- Other names: AIBSE syndrome
- Specialty: Ophthalmology
- Diagnostic method: Eye examination, Visual field test
- Treatment: Nil, Usually self limiting

= Acute idiopathic blind spot enlargement syndrome =

Eye disease affecting the retina

Acute idiopathic blind spot enlargement syndrome (AIBSE) is a rare eye disease affecting the retina of the eye. It is basically a type of retinopathy which affects females more than males. Currently there is no treatment for this condition, but, it is usually self limiting.

==Signs and Symptoms==
Enlargement of blind spot area in the visual field of the eye is the main sign and acute onset photopsia is the main symptom of AIBSE syndrome.
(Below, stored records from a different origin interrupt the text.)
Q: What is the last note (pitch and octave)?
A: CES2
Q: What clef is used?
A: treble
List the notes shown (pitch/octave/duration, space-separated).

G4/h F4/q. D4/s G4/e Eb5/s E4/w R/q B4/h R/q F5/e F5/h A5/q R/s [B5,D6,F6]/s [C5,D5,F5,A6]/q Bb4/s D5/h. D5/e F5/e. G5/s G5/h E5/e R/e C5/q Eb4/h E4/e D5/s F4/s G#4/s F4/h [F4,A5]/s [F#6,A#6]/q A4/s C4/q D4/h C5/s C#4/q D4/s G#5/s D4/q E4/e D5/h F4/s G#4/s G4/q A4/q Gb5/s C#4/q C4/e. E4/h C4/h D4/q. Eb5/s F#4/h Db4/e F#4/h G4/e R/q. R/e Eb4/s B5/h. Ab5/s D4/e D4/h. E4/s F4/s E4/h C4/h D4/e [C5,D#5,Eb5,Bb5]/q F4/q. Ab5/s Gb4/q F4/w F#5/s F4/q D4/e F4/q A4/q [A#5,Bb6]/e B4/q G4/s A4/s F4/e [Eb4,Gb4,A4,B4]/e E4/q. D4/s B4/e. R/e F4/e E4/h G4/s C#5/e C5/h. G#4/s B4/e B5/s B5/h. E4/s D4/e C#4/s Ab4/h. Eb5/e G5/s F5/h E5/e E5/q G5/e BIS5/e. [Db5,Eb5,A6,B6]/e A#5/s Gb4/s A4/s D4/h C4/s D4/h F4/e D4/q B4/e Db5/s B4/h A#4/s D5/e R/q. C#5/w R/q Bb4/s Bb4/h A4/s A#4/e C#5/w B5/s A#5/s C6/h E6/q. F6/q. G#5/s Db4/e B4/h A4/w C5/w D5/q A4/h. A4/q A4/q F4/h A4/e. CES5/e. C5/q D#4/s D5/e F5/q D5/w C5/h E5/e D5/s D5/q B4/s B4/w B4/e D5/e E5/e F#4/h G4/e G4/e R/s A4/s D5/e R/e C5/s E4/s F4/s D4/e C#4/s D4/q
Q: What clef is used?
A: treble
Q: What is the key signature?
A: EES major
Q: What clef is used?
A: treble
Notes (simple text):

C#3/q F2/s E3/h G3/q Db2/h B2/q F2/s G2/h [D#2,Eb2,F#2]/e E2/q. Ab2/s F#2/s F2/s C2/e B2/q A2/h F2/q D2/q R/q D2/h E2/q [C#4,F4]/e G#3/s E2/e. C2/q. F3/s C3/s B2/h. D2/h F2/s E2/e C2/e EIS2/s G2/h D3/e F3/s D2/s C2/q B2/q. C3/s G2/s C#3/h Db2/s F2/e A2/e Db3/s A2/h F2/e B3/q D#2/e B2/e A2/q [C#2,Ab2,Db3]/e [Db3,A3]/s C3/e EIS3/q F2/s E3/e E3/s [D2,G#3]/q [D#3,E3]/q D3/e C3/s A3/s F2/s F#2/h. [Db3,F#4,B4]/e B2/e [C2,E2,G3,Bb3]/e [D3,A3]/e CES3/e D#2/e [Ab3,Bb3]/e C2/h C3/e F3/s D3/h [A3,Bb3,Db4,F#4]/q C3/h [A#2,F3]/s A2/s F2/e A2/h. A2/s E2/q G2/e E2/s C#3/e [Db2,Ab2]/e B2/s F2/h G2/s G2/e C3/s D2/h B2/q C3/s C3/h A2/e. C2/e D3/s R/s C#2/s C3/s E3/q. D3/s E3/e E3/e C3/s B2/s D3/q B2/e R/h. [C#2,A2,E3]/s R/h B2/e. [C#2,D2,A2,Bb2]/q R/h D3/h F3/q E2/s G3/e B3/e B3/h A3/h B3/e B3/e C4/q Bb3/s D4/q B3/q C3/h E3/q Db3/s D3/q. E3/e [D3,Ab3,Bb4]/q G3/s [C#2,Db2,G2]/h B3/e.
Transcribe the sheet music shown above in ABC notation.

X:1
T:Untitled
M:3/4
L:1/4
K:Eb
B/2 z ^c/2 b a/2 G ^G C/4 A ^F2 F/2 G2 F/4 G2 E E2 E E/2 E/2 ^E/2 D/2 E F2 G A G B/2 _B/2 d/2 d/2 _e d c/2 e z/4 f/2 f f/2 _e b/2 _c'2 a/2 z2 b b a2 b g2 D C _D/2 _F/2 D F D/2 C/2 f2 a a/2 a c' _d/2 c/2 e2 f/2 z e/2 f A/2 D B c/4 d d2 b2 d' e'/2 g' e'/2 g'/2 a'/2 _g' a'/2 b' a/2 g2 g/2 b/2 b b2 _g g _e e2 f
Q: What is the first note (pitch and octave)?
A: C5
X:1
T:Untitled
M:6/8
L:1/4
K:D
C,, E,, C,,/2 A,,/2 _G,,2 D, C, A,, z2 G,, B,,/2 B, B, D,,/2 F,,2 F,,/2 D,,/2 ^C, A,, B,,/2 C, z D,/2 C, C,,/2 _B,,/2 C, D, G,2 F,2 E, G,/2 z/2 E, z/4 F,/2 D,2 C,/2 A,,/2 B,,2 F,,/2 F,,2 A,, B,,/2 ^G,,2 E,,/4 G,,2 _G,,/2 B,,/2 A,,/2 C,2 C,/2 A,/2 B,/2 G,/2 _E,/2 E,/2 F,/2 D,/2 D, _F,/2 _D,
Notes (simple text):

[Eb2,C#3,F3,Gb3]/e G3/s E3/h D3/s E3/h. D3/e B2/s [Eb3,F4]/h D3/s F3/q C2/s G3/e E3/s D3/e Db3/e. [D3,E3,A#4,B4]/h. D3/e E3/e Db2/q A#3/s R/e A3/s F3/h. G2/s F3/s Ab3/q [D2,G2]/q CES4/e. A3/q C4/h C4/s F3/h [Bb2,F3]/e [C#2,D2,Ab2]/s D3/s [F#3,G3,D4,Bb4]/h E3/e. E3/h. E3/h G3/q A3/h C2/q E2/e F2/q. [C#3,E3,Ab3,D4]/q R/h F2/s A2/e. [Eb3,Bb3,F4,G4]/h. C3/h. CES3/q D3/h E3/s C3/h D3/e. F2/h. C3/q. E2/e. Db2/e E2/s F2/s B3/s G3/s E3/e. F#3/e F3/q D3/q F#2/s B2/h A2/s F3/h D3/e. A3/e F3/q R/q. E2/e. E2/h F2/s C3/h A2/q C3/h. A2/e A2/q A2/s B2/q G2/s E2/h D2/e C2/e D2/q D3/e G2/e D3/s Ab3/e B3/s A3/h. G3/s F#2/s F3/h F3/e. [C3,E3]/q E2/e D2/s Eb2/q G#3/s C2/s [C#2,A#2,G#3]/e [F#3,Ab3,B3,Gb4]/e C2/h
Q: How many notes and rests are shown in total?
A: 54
Other symptoms include monocular scotoma and reduced light perception.
==Cause==
Though exact etiology of AIBSE syndrome is unknown, studies shows that viral illness like influenza and vaccinations like MMR may trigger the condition.

==Diagnosis==
Diagnostic techniques like ophthalmoscopy, visual field test, optical coherence tomography, fluorescein angiography, multifocal electroretinography and electrophysiology may be used in diagnosing AIBSE syndrome. Subjective measurement of blind spot enlargement is done using visual field testing. In the early stages, using FFA peripapillary hyperfluorescence may be observed. Since OCT can be used to observe the microstructural alterations in the outer retina, it is the gold standard in diagnosing AIBSES.

==Treatment==
Currently there is no treatment for this condition, but, it is usually self limiting. Systemic administration of corticosteroids may be advised. Even if the disease is resolved, the enlarged blind spot usually does not return to normal.
==Epidemiology==
AIBSE syndrome affects females more than males. Higher incidence is seen in Caucasian people.

==History==
Fletcher et al. first described AIBSE syndrome in 1988.